TASK TO COMPLETE
From the line containing "DW015B - Warm" through the last line of the records below, output every line exactly, both ends included, except the pictures.

TASK DATA

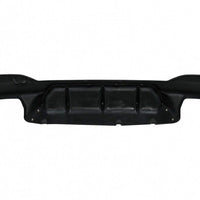 Diffusore per paraurti posteriore per BMW Serie 5 G30 G31 Limousine Touring (201
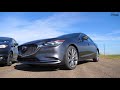 Game Show: Is 2018 Mazda 6 Turbo Faster Than a Hot Hatch? Ep.1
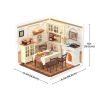 DW015B - Warm Dining Room - Hobbycity.gr - RoLife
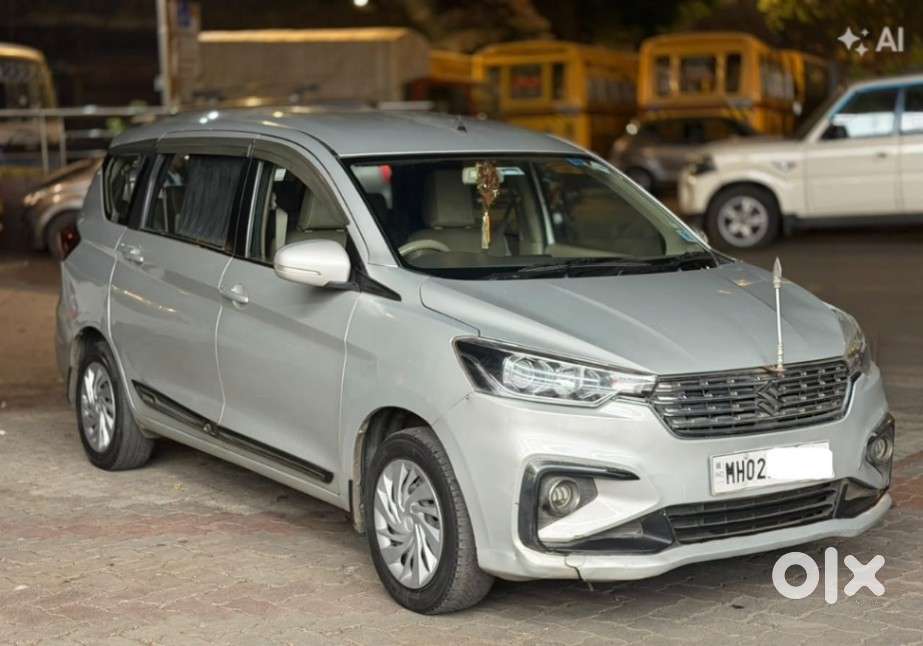 Maruti Suzuki Ertiga Vxi Cng, 2021, Cng & Hybrids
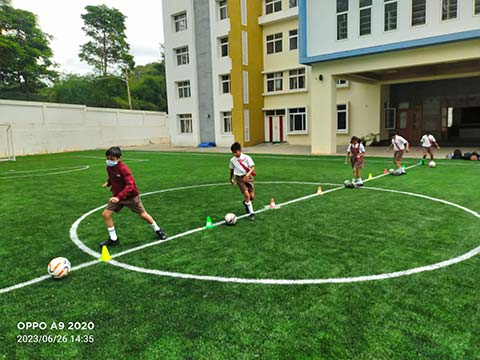 Sports Activity - 2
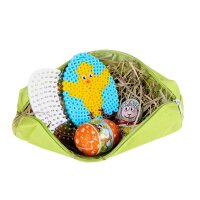 Osterset: M&auml;ppchen+B&uuml;gelperlenset Ostern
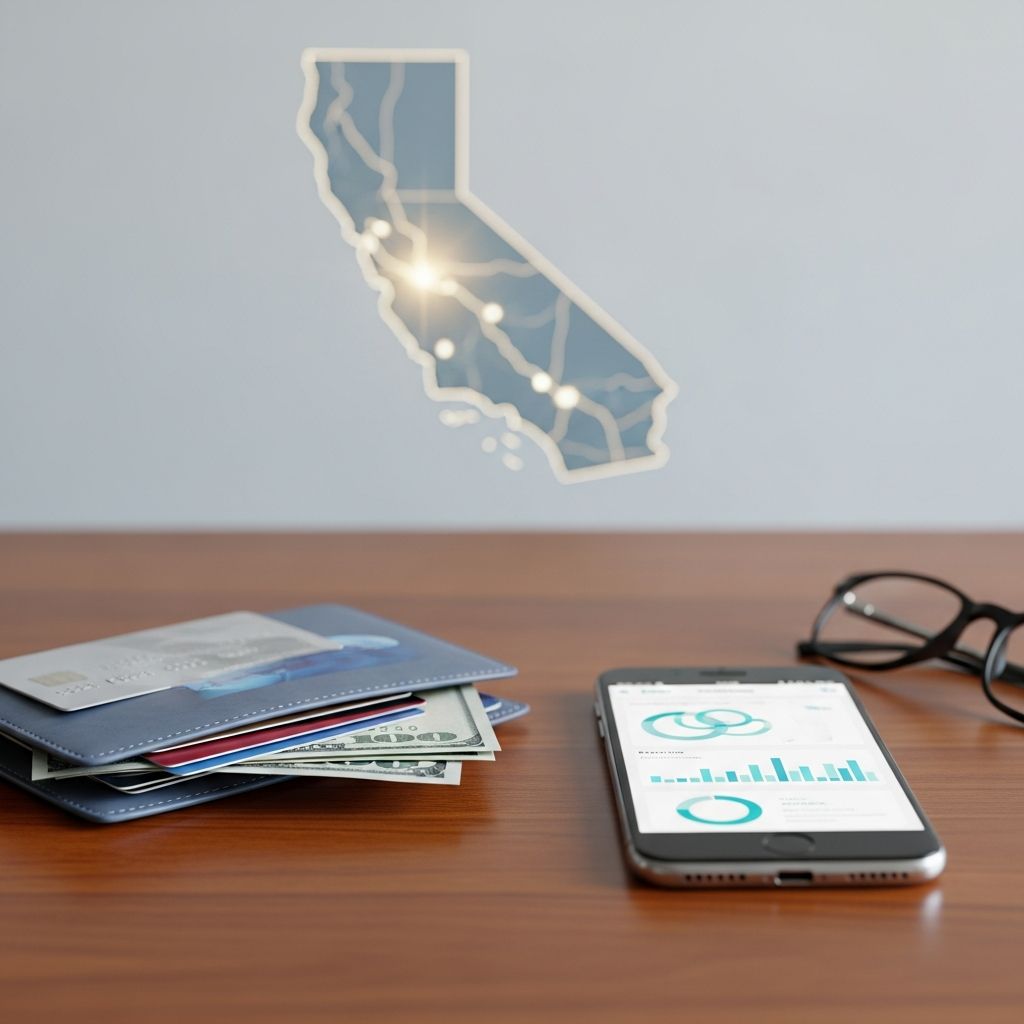 Discover the top checking accounts available in California, featuring low fees, high APYs, and convenient access for residents.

REPLY TO THE EXERCISE
 DW015B - Warm Dining Room - Hobbycity.gr - RoLife
 Maruti Suzuki Ertiga Vxi Cng, 2021, Cng & Hybrids
 Sports Activity - 2
 Osterset: M&auml;ppchen+B&uuml;gelperlenset Ostern
 Discover the top checking accounts available in California, featuring low fees, high APYs, and convenient access for residents.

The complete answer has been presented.